10. Naar het oordeel van het hof heeft de vrouw haar behoeftigheid - gelet op de gemotiveerde betwisting daarvan door de man - echter onvoldoende aangetoond. Ten aanzien van haar inkomsten heeft zij in eerste aanleg enkel een jaaropgave 2010 en salarisspecificaties voor de maanden augustus, september en oktober 2011 overgelegd. De vrouw heeft nagelaten recente inkomensgegevens over te leggen en zij heeft daarvoor - daarnaar gevraagd ter terechtzitting - geen afdoende verklaring kunnen geven. Nu de vrouw haar alimentatiebehoefte tegenover de gemotiveerde betwisting van de man onvoldoende met stukken heeft onderbouwd, kan het hof haar behoefte aan een uitkering tot levensonderhoud niet beoordelen. Het hof zal de bestreden beschikking wat betreft de partneralimentatie vernietigen en het inleidend verzoek van de vrouw tot het vaststellen van een uitkering tot levensonderhoud alsnog afwijzen.
11. Hetgeen door partijen ten aanzien van de partneralimentatie over en weer verder nog naar voren is gebracht in het principaal en incidenteel hoger beroep, behoeft geen nadere bespreking nu dit niet tot een ander oordeel kan leiden.
Verdeling van de huwelijksgemeenschap
12. De man klaagt in zijn derde grief dat zijn verzoeken in het kader van de verdeling van de huwelijksgemeenschap met betrekking tot de verdeling van de boete, de kosten voor de energiekeuring, de kosten voor de AXA woonverzekering en de algemene provinciebelasting zijn afgewezen. In zijn visie is er geen enkele reden waarom alleen hij deze kosten moet dragen.
13. De vrouw heeft de stellingen van de man gemotiveerd weersproken.
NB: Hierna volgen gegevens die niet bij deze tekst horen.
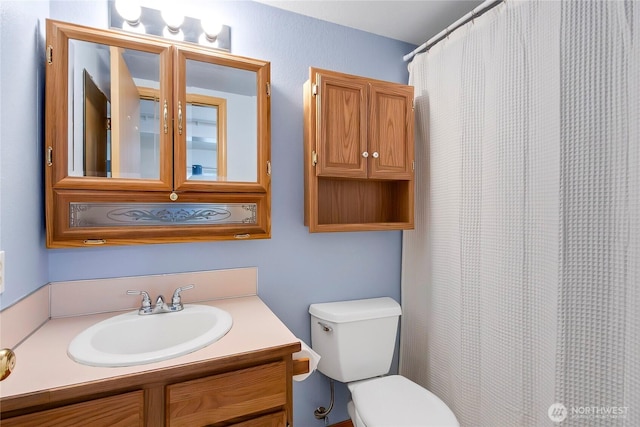 bathroom with curtained shower, toilet, and vanity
14. Het hof overweegt als volgt. Ten aanzien van de gemeenschapsschulden geldt dat ieder van partijen voor de helft draagplichtig is voor de gemeenschapsschulden die op de overeengekomen peildatum voor zowel de omvang als voor de waardering van de huwelijksgemeenschap - 6 april 2011- nog niet voldaan waren. Partijen hebben geen feiten en omstandigheden gesteld die meebrengen dat hiervan op grond van de redelijkheid en billijkheid moet worden afgeweken. Nu de door de man opgevoerde betalingen op voormelde schulden vóór voormelde peildatum zijn voldaan en derhalve niet meer openstaan op de peildatum, heeft de rechtbank terecht overwogen dat deze schulden buiten de verdeling vallen. De bestreden beschikking dient in zoverre te worden bekrachtigd.
15. Mitsdien beslist het hof als volgt.
BESLISSING OP HET PRINCIPALE EN HET INCIDENTELE HOGER BEROEP
vernietigt de bestreden beschikking voor zover deze betreft de door de man te betalen uitkering tot levensonderhoud voor de vrouw en, in zoverre opnieuw beschikkende:
wijst het inleidende verzoek van de vrouw tot vaststelling van een uitkering tot levensonderhoud alsnog af;
bekrachtigt de bestreden beschikking voor zover aan het oordeel van het hof onderworpen voor het overige;
wijst het in principaal en incidenteel hoger beroep meer of anders verzochte af.
Deze beschikking is gegeven door mrs. Labohm, Mink en Van Wijk, bijgestaan door mr. Wittich-de Ridder als griffier, en uitgesproken ter openbare terechtzitting van 8 augustus 2012.